Cylinder Head Repair Warning
Below is the illustration Alfa Parts created in the early 2000’s, to send out with 2-liter Victor Reinz head gaskets. The drawing is used with the permission of Jon Norman, of Alfa Parts, in Berkeley, California. I don’t know if other engine sizes are at risk; that’s a question for Jon or another Alfa engine wizard.
Sealant is needed because older 2-liter motors have oil galleys at the back of the block. Newer 2-liter motors don’t. All head gaskets used to come with sealant around the oil galley holes. Then, Reinz and other gasket manufacturers stopped putting sealant on their head gaskets, probably because the newer motors didn’t have the oil galleys and didn’t need it. So, because there was now no sealant where the older motors required it, the change put those of us who were rebuilding older engines at risk of oil and coolant mixing, unless someone took the time to warn us. Jon Norman was that first someone.

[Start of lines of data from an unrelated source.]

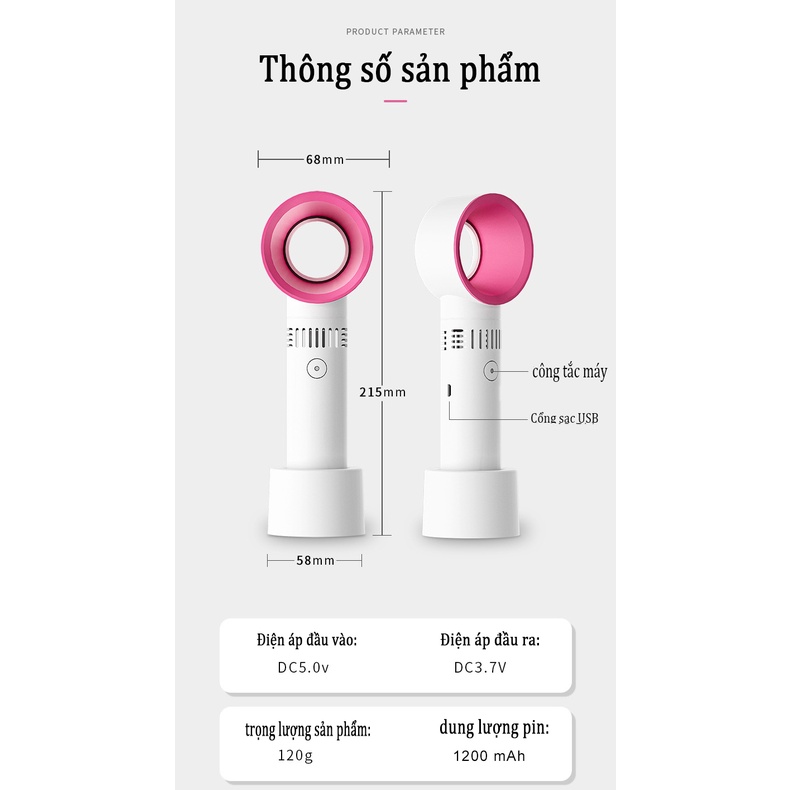 Quạt mini cầm tay có cổng sạc USB Quạt mini không cánh có 3 tốc độ không khí có thể điều chỉnh cầm tay có thể tháo rời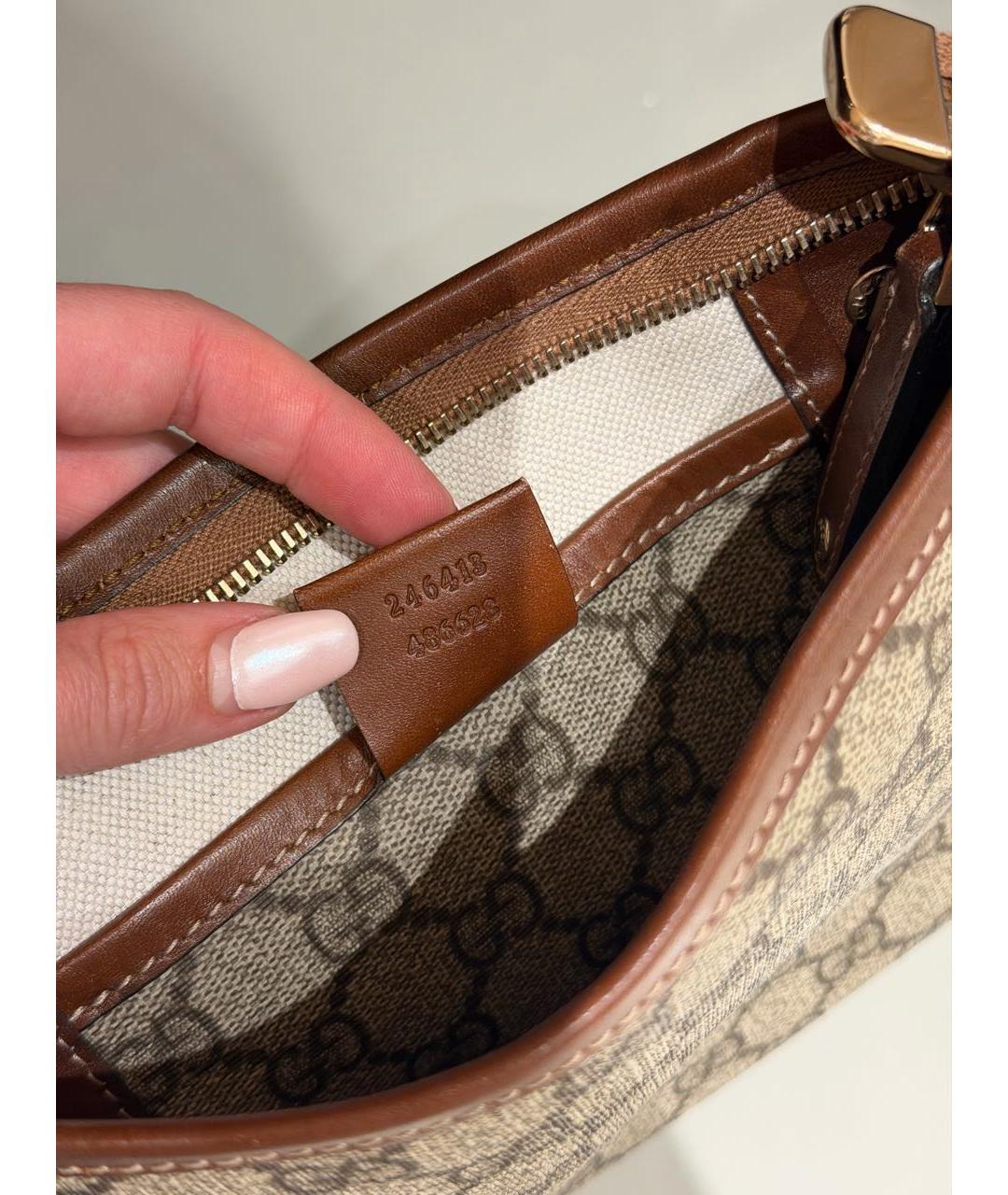 GUCCI Бежевая канва барсетка, фото 8
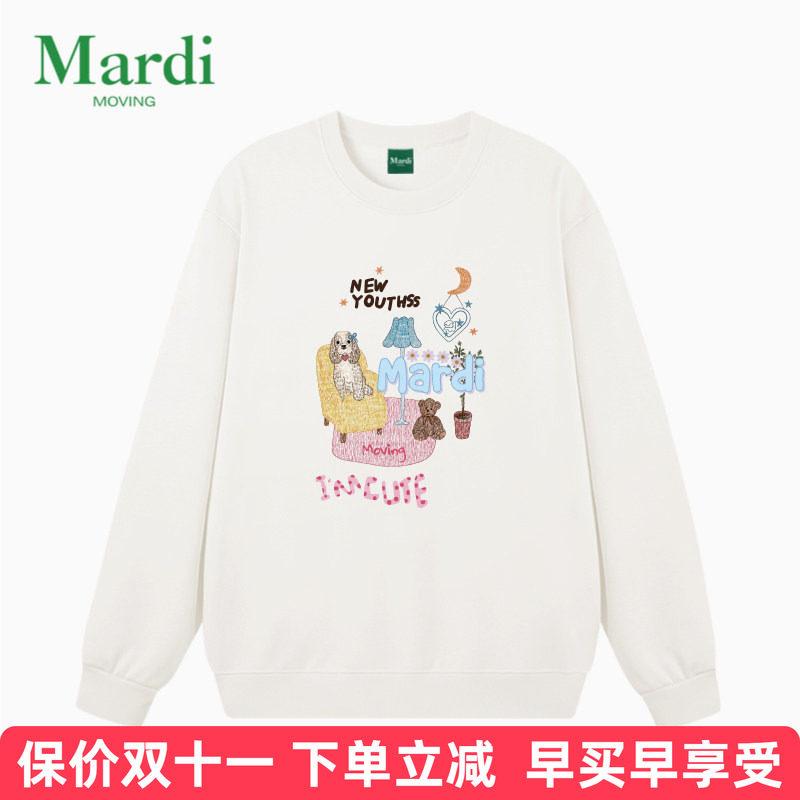官方旗舰店MARDI MOVING韩国正品2026秋款印花套头圆领常规女卫衣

The sealant referred to in the diagram is Permatex Ultra Grey.
Weber carb backing plate; make your own
I did not like the flimsy backing plate that was sold by PiperCross when we were building my 2L engine, so I had one cut from a template made from an ITG backing plate. Mine is slightly modified to fit my 1967 with 2L motor. If you download my pattern, I suggest you make a paper or card pattern to test the fit on your car before going to the time and expense of creating one out of metal. I used stainless steel that was cut by a friend’s waterjet machine.